The Weight of Inertia (c)


No country in Europe has changed more swiftly and more radically than Italy has since World War II. Twenty years ago a factory worker from Milan who went to southern Italy on his honeymoon could not understand either the dialect or the customs and felt more a stranger there than he would have in France or Switzerland. Since then Italy has become a mobile society, mixing people, habits, and dialects in a fast and tumultuous flow; and as important as the new mobility has been television, which has taught almost everyone the same language. Century-old differences are being rubbed away; but a profit-and-loss account of this vastly changed Italy—with 12 million cars on its roads and 11 million television sets in its houses, with disrupted cities and with some of the most polluted urban air and foulest rivers to be found anywhere on earth—would be hard to audit.

With the rapid change has come an awareness of inertial forces hindering efficient functioning of the society, and there is a growing tendency to blame the government bureaucracy for the troubles of Italy. But the real blame lies beyond the bureaucracy, which only reflects the Italian conception of government by personal favor. Many civil servants owe their first loyalty to an influential friend, and favors are reciprocal. This is the basis of the enormous sub-political underworld known as the sottogoverno. The system as a whole satisfies nobody, but each part of it is advantageous to some individual or group. Attempts at reform come into conflict with deeply entrenched interests determined to preserve their particular status quo.

Inertia, too, sometimes seems a major characteristic of Italy's ancient, crowded, poorly equipped and inadequately staffed universities. Geared since the 13th century to turn out an intellectual elite—in the fields of philosophy, law, literature, history, and religion—they cannot much longer satisfy the increasing demands of a technologically based economy. The government has proposed a number of reforms to do away with the weakness of the higher educational system, but their passage would not by itself insure rapid and dramatic improvement. Even if enough money were spent, the physical expansion of educational facilities will require decades, and the encrusted academic hierarchies—the professors—continue to fight any change that would diminish their privileged status.

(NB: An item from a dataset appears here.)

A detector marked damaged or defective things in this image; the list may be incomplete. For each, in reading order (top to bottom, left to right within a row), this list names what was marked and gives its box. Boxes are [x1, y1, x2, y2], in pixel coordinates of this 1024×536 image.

Italy's constitution is one of the most advanced and liberal in the world—but it exists somewhat apart from everyday life. Many laws and regulations that would embody its principles have never been implemented, and instead the Italian citizen continues to live under restrictive laws and regulations, from Mussolini and before, that have never been rescinded. The Italian way is to get around the laws, and the law enforcers are usually willing to help or pretend not to have noticed so long as the person concerned does not claim any legal rights. Individual citizens are not entitled to appeal to the Constitutional Court which rules on the constitutionality of laws.

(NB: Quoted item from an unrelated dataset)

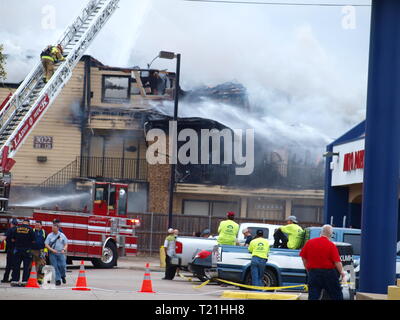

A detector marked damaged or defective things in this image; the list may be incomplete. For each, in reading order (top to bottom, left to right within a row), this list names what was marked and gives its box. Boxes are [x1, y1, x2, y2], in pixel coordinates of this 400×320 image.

damaged window [101, 75, 131, 102]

As a whole, and thanks to the intelligence and good nature of the people, the organization of Italian life works; but many parts, particularly the public administration and the educational institutes, do not work well. The pessimistic observer is likely to wonder if, as the problems of the society become more complex, there will ever be enough determination, wisdom, and public spirit—particularly in Rome—to make it work much better. How to transform the Italians' method of governing themselves into an effective vehicle for change is a critical question today.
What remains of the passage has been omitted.